Autonomous minivans are coming. Preparing them for use on public roads will be as much a legal hurdle as a technical one. Days before Google announced its partnership with FCA to build fully autonomous minivans, the tech giant embarked on another collaboration with automakers, one aimed at addressing the legal and regulatory quandaries that may hinder the deployment of these cars.

The Self-Driving Coalition for Safer Roads marks a collaboration between Google and four other companies that will lobby regulators and lawmakers on behalf of the burgeoning autonomous business leaders. In addition to Google, the group includes Ford, Volvo, Uber and Lyft. More companies could join soon.

"I do think some of the things we talk about with self-driving vehicles will be more appropriately dealt with in a clean sheet of paper in terms of testing and standards." – David Strickland

"The roster will broaden, no doubt," said David Strickland, former administrator of the National Highway Traffic Safety Association who is the new coalition's chief counsel and spokesperson. "The goal is to have a broad-reaching group of stakeholders from the companies working on the technology in any scope to groups that represent the disabled and transportation planners. You really need to have a broad base of voices to discuss and advance self-driving."

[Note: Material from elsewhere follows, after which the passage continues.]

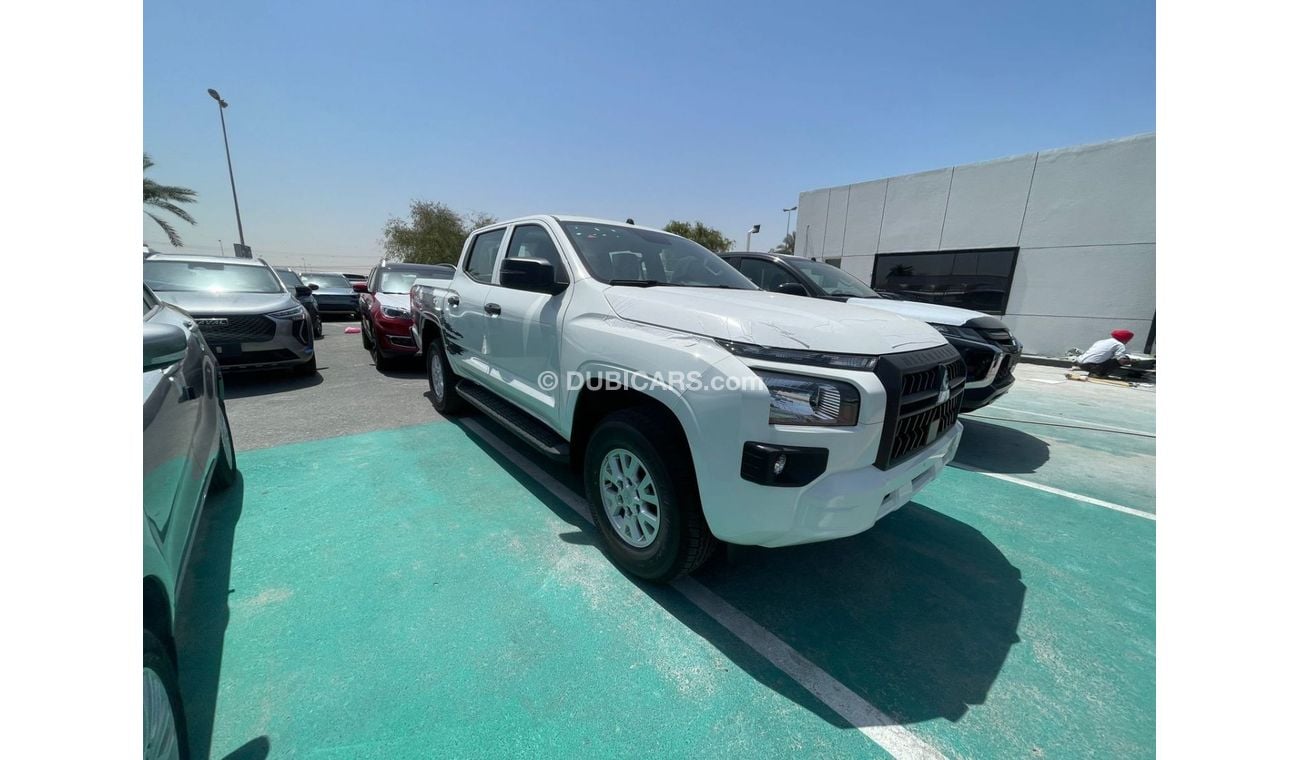 Mitsubishi L200 L200 2.5L DIESEL MANUAL DOUBLE CAB 24MY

Notably absent in the current ranks of membership is FCA, which will build 100 Chrysler Pacifica hybrid minivans in its partnership with Google. But that could change. "We are exploring whether formal membership in this coalition is appropriate," an FCA spokesperson said Thursday.

Should Chrysler join, it could find itself immersed in a rapidly evolving legal landscape. The Department of Transportation undertook an evaluation of the regulatory environment for self-driving cars in January with the expressed intent of doing whatever it can to accelerate the arrival of autonomous vehicles. That may include a review of federal motor vehicle safety standards that mandate cars contain things like side-view mirrors, steering wheels and brakes – items that some industry leaders consider irrelevant in an autonomous era.

Rather than tinkering with and reworking those current standards, Strickland (pictured below) advocates for the creation of an entirely different class of FMVSS standards that would address self-driving cars.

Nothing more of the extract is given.